Still, I can't complain. I did eventually make my way through it, even if it was pulling teeth for single entries. It was hard, but it was fair. Way over my usual Friday time, about 30% longer than usual.

Anonymous 8:51 AM  

“There’s only one way to eat a brace of coneys” - Samwise Gamgee, The Two Towers (film adaptation)
Saved me.

Anonymous 12:51 PM  

It wasn't an "attack." I scan the comments every day. Lighten up. And btw, my family has already informed me that I have no sense of humor!

JeffE 2:07 PM  

Let's hear it for the Rat Terrier! They are a smart, friendly breed. Big in the South, but we have two of them in NYC. They'd clean up in the subway stations

Emily Thall 5:49 PM  

Horrible clue and answer.

thefogman 11:31 AM  

Crunchy. Good in some areas, but too cutesy with the cluing in too many spots. The NE corner was particularly bad. I don’t mean to BELLYACHE but there were way too many WTF? moments and not enough Aha! moments.

Diana, LIW 12:37 PM  

I'll admit that I did check a couple of my answers, and found a couple errors. So officially this would be a DNF. But I'm happy with the result. Tho I may not GET ALLAS, I can still GRIN.

Diana, Lady-in-Waiting for Crosswords
Hey @Foggy - thanks for the B&B info - too bad they don't still exist

Anonymous 1:50 PM  

Could have been a fun, workable puzzle but for the inclusion of 8 pissers.

BlatantOctopusHouse 3:07 PM  

Thanks for the Audre Lorde audio. I'm sorry I've never heard of Audre, but I found this audio section to be especially riveting:
"As a black person, I know who my enemies are. And when the KKK goes to court in Detroit to try and force the Board of Education to remove books the Klan believes hint at homosexuality, then I know I cannot afford the luxury of fighting one form of oppression only."

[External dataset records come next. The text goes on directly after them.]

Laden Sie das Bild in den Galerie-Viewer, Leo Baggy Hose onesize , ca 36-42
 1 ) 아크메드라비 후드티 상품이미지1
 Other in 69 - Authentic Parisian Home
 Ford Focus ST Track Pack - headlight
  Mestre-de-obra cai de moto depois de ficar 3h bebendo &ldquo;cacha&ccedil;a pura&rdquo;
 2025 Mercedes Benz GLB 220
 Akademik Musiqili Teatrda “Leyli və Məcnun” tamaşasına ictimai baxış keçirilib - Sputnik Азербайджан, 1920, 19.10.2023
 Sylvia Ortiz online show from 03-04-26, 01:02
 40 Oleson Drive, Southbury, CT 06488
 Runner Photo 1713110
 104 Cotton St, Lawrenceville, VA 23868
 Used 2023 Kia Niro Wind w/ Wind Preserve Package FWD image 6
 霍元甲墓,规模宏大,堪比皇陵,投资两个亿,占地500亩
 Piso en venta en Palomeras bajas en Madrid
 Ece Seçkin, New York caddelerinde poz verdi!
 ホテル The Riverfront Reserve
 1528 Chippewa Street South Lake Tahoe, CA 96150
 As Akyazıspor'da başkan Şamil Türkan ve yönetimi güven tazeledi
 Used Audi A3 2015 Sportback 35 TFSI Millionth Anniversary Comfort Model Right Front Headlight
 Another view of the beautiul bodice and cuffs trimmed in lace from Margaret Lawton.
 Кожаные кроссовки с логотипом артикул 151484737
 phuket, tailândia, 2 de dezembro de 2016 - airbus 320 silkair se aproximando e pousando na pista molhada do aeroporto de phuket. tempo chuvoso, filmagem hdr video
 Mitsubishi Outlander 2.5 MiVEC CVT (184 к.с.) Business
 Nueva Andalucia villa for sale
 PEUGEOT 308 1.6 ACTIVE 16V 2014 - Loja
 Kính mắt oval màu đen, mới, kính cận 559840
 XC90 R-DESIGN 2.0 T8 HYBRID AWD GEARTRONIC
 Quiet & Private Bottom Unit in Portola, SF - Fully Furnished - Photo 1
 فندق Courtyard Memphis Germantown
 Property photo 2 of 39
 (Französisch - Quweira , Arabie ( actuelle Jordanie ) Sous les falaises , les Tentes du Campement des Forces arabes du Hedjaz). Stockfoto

Unfortunately, school book removal is still being done, but this time by elected officials.

Burma Shave 4:39 PM  


‘THAT’SAMORE’ SAYS these words:
“Make LOVE like bees and BIRDS.”
If you AIN’T gonna have a G’DAY,


leftcoaster 5:17 PM  

Must admit I’m a pretty BLEAK FrI-Sat solver, more or less on the “miserable” if not the “cold" side.

Got the long downs in the NE, but not their symmetricals in the SW.

Wasn’t EATENALIVE, but was gnawed at by GALES, MAGS, SHROVE, and HRREP.